Thedeepbluesea Tue 07-Jun-16 17:11:28

Thanks for all your replies. To be honest my phrasing was a little tongue in cheek (although true). But my question serious

His school only goes up to end Y2. Then i need to decide what to do. But i also have DD too, so what goes for him will also go for her.

He does actually excel at anything he is interested interested in, nature, science anythong physical. Again i wonder if private school would enable him to focus on these things. Ive no doubt he will crack the rest just fine.

Teachers say he is doing well. I am just not certain what the benchmark is.

Space dinosaur you make a good point. I do try and practise but work FT. By the time we all get home evrryone is a little frayed and enjoying each other in downtime is preferable to a row.

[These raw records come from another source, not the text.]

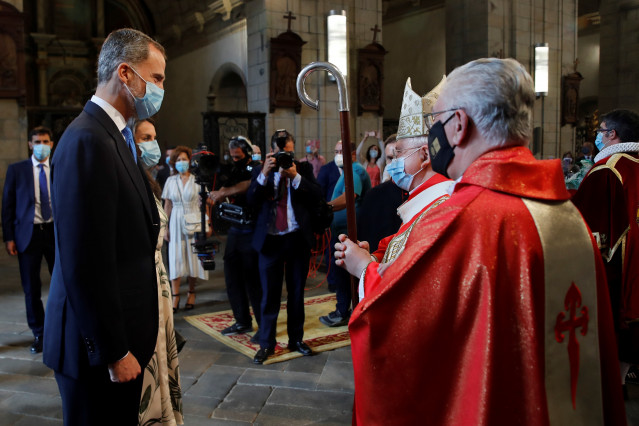 Archivo - El arzobispo compostelano Julián Barrio recibe a los reyes don Felipe y doña Letizia antes de la misa y la ofrenda al Apostol Santiago en la iglesia de San Martiño Pinario, en Santiago de Compostela (Galicia) a 25 de julio de 2020.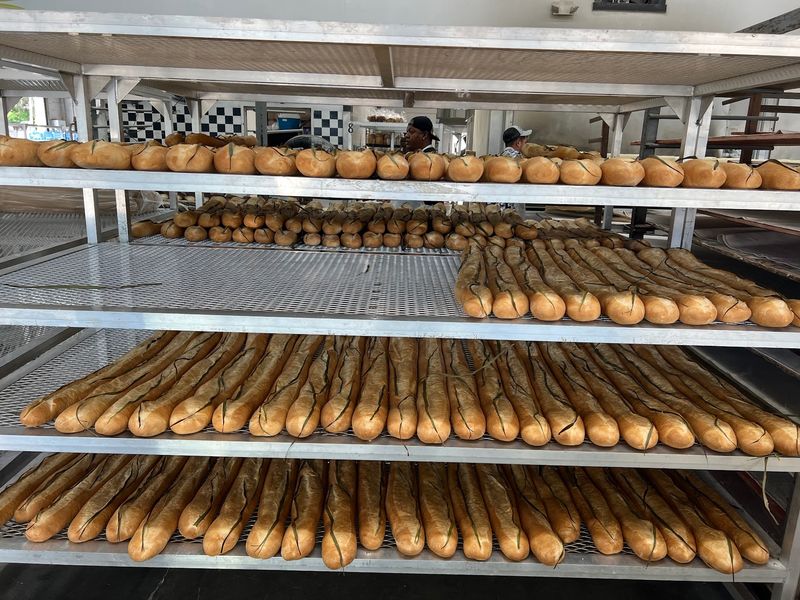 A Working Bakery on North Florida Avenue A Working Bakery on North Florida Avenue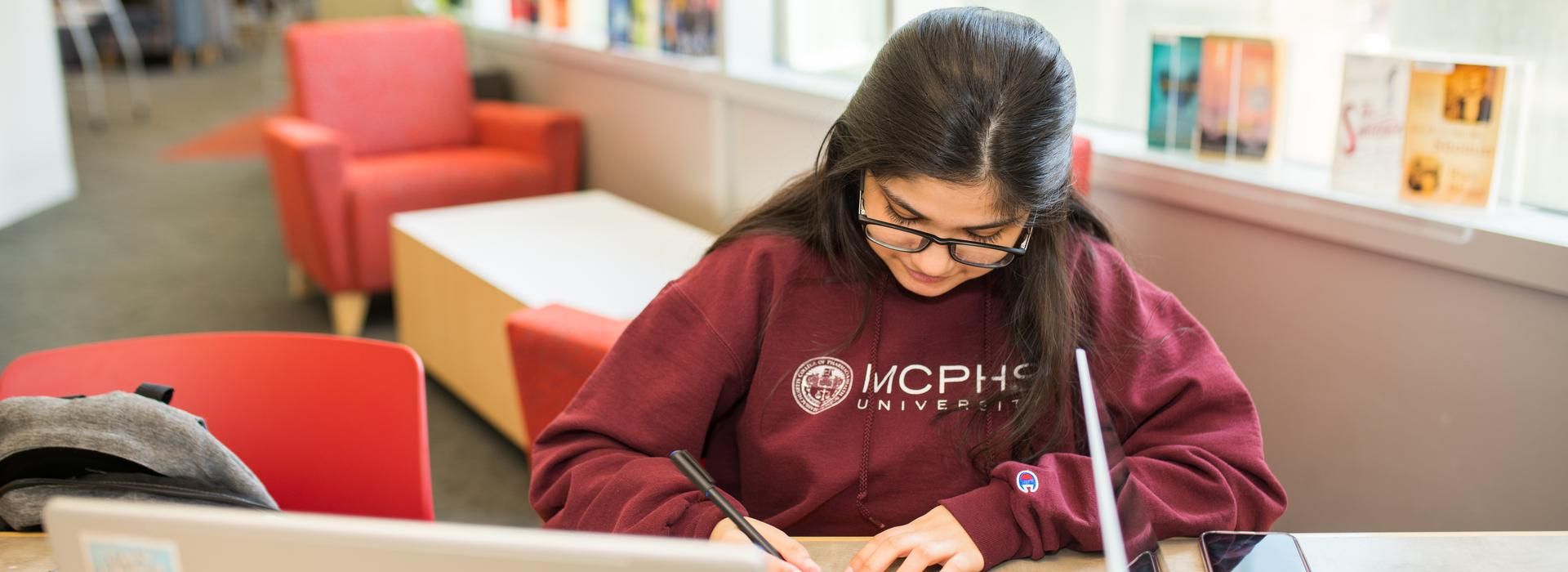 220420_MCPHS_StudentLife_IanMac_052.jpg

HereIAm20 Tue 07-Jun-16 17:13:05

As with state schools some private are good and some are not. It will depend what you have available in your area. Our son did KS1 in local school, then moved to an all round independent school for yrs 3-8 by which time we realised he was very academic and he switched at yr 9 to a superselective because it was the right school for him. Just keep reevaluating at each stage and do what you feel is right for the individual child.

superbaghag Tue 07-Jun-16 17:13:21

Is this real? I'm suspecting not but if it is would you like me to go and dig out my DS's reception year book and take a photo for you? He couldn't write or read more then one word a page books by the end of Reception year and is now going to Oxford in September.

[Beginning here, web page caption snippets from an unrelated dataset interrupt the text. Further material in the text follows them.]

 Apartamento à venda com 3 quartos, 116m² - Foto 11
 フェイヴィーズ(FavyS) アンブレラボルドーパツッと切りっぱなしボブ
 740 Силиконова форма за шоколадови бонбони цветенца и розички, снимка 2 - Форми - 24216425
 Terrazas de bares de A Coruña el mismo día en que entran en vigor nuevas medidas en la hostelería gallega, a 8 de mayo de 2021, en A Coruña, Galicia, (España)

Honestly chill out our your going to give yourself an ulcer over the next 13 years.

eurotrash Tue 07-Jun-16 17:18:06

In my experience, no, it's not worth it. Ds is just finishing reception in private and we are moving him out to state. Private is good, don't get me wrong, but not worth the price you pay for it. Teachers are more rigorously checked in state, they become sloppy in private as it's easy teaching (I know personally!). Safeguarding is dreadful, they get away with stuff that would never happen in state. It's also very sheltered and narrow socially, ds has asked to go to another school....

arethereanyleftatall Tue 07-Jun-16 17:26:39

Depends on the schools. Round my way IMO the state schools are better than the private.

sue51 Tue 07-Jun-16 17:29:12

It all depends what is available in your area. An outstanding state primary would trump mediocre prep for me.

PotteringAlong Tue 07-Jun-16 17:30:44

You can spend £250k on education but, ultimately, it won't make him cleverer.

Renniehorta Tue 07-Jun-16 17:30:56

Far too early to be making judgements on progress. Especially as you have a DS.

My DS was no nearer being able to read at the end of reception than he was at the beginning. I was so stressed. I just let things slide over the summer holidays. When he went back in September he could read. At this stage I think that you just sometimes have to wait for physical/ cerebral development to kick in.

Don't panic just give him time!

NotEnoughTime Tue 07-Jun-16 17:35:31

If your DS was in YEAR 5 I could understand your concerns but AGED 5?

Honestly I really wouldn't worry. He is still very young. However I will point out for the sake of transparency that I'm someone who thinks children shouldn't even go to school at 5 (IMO it would be much better if they were 7 or 8) or if they do go to school then it should be 99% about socialising and playing.